**Task input**

►

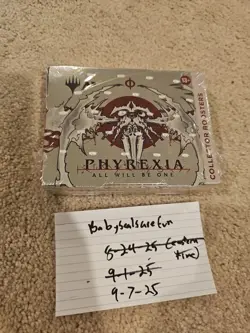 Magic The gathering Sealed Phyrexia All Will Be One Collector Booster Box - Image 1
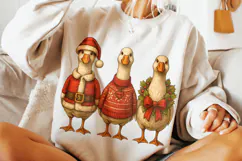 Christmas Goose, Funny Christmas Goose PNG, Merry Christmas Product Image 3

◄
►

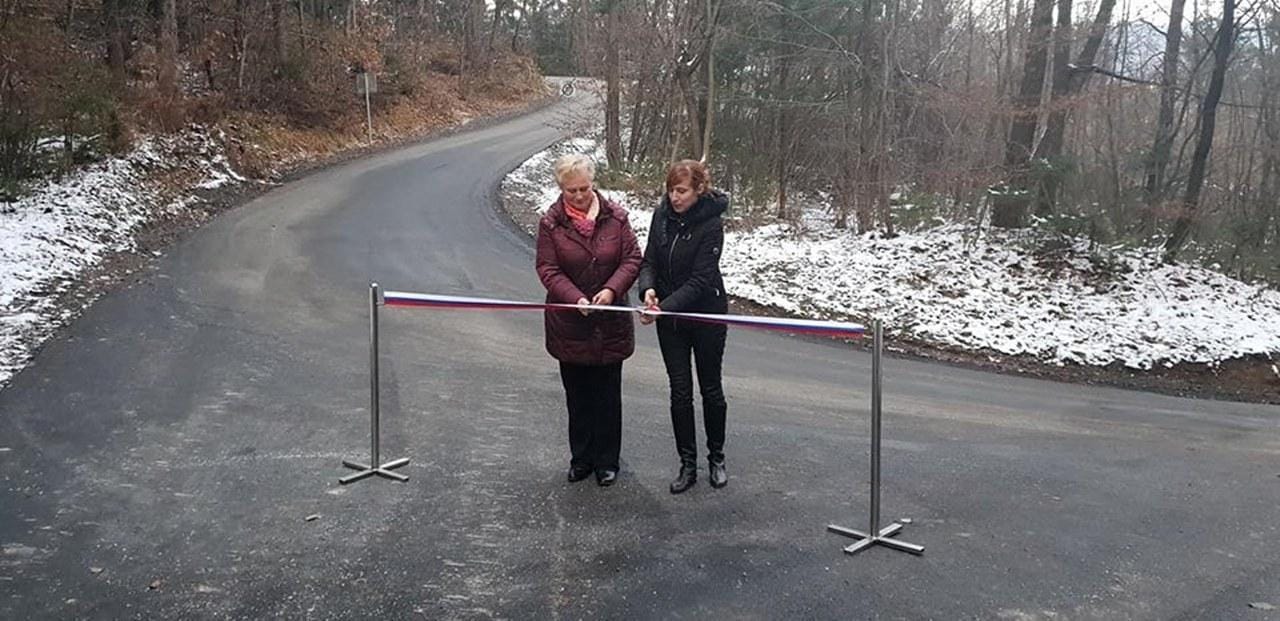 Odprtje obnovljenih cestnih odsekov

◄

Your reply should consist solely of the lines above from the line containing "Magic The gathering" up to and including the line containing "Christmas Goose, Funny", reproduced exactly, minus the pictures.

 Magic The gathering Sealed Phyrexia All Will Be One Collector Booster Box - Image 1
 Christmas Goose, Funny Christmas Goose PNG, Merry Christmas Product Image 3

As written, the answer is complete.